At EAGE Rome, PGS was excited about the continuing development of its dual sensor streamer launched a year or so ago. It has been successfully trialled on 2D vessels off the northwest European continental shelf and offshore Australia, and will soon be seen in action on 3D vessels. The secret of its success is the recording of both pressure and velocity fields, as opposed to pressure alone in a normal hydrophone-based streamer. According to a PGS paper in Rome, ‘Properly combining the recorded signals from the particle velocity sensors with those from the hydrophones cancels sea-surface ghost reflections and removes the notches from the data’s frequency spectrum caused by those ghost reflections.’ The benefit is that a streamer can be towed deeper below the sea surface than is currently practical allowing continuation of recording operations in rougher seas while also increasing the potential bandwidth of the data.
Such new technology could give the R&D investing contractor an edge if the market becomes more price sensitive.
A company that now comes into that category has to be Wavefield Inseis. This Norwegian upstart has not only grown its fleet sufficiently to be able to claim global reach in a matter of three years, but also set itself up from the start as a technology driven company. A good example would be its backing of the Bergen-based MultiField Geophysics company along with StatoilHydro Ventures and the Norwegian Technical Institute. The company announced a month or so ago that it had completed field tests of its ocean bottom cable (OBC) technology over the Peon hydrocarbon reservoir, offshore Norway. This is no ordinary OBC cable but one which uses both seismic four component (4C) and electromagnetic (EM) sensing technology, in other words it is daring to encroach on the preserve of Electromagnetic Geoservices (EMGS) and Offshore Hydrocarbons Mapping (OHM), not to mention the EM involvement of WesternGeco and PGS. The company says that in the test the technology was able to delineate the targeted gas field.

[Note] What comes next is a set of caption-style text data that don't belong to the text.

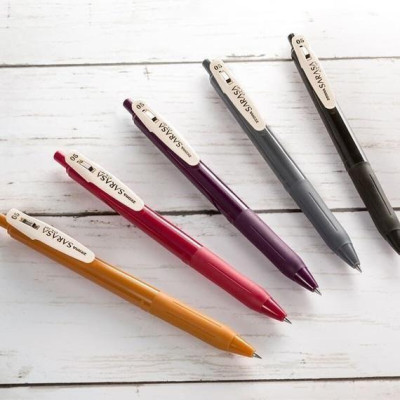 Viết Gel Sarasa Clip Vintage 0.5mm - Zebra Nhật Bản 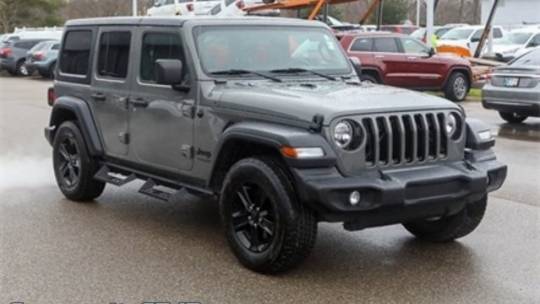  2020 Jeep Wrangler Sport Altitude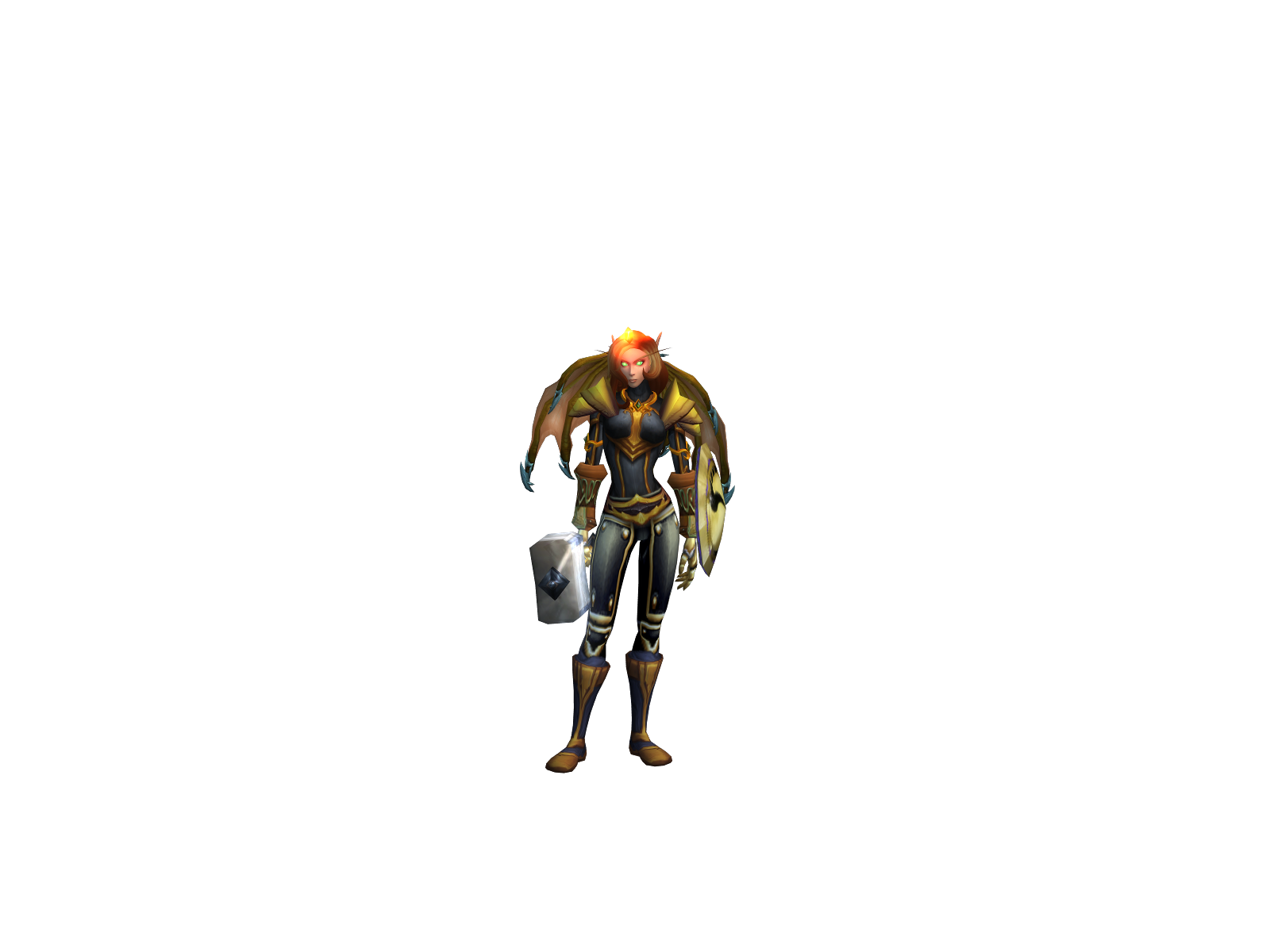 Wasabicutie 3D character render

Wavefield and its friends at MultiField have implicitly acknowledged the emerging consensus that the shine has gone off marine controlled source electromagnetic (CSEM) surveys as the big new thing and will not return until the data can be more successfully integrated with seismic and other data.
A combined acquisition system would be a start. PGS since its acquisition of MTEM is trying for the same thing but hoping to use a towed streamer approach, which if effective would be far cheaper and more flexible than any ocean bed acquisition.
Wise heads
Meantime OHM and its newly acquired Houston-based subsidiary Rock Solid Images are putting their energies into a three year joint industry project with Total, Chevron and DONG Energy plus the UK government’s Department for Business, Enterprise & Regulatory Reform (BERR) to look into well integration with seismic and electromagnetics (WISE). The objective is said to be the provision of improved maps of reservoir properties such as hydrocarbon saturation across a field and will lean heavily on the fundamental rock physics work carried out by Rock Solid over many years.
The key to the WISE Consortium is integration of data which is becoming something of a mantra in the geoscience community and was heard a lot at EAGE Rome, appropriate given that the Association prides itself on its multi-disciplinary status attracting the likes of geologists, geophysicists and engineers under the same roof. EMGS was upfront and centre with its launch of Clearplay, said to the the world’s first fully integrated EM system, providing ‘end-to-end EM services and products in support of hydrocarbons exploration.’
Perhaps as significant was the introduction of Bridge. Developed in conjunction with Blueback Reservoir in Norway, the software was described as offering easy integration of (EM) data with other geophysical and geological information, resulting in a clearer and more complete understanding of the subsurface.
Terje Eidesmo, EMGS chief executive officer, said it was an important milestone for EMGS and the industry. ‘Bridge,’ he said, ‘will enable our customers to capitalise on the benefits of EM by allowing the easy integration of EM information with their workflows.’
This kind of integration work presages the day when many kinds of data such as seismic, well log, EM, magnetotellurics (MMT), and potential methods data (gravity and magnetics) can all be used to constrain the earth model offering interpreters a much clearer vision of the subsurface for exploration and reservoir characterisation.
Excusing the pun, potential methods, usually over-shadowed by seismic, are being spoken about with much greater gravity these days. Their contribution to regional and basement understanding of hydrocarbons plays are helpful in solving the puzzle, as are MMT.
In Rome,WesternGeco presented a poster on the first application of marine MMT to improve the depth imaging in the Santos Basin, offshore Brazil. The company has also written recently about salt mapping in the Gulf of Mexico extolling the benefits of a combined seismic, MMT and full tensor gravity data interpretation.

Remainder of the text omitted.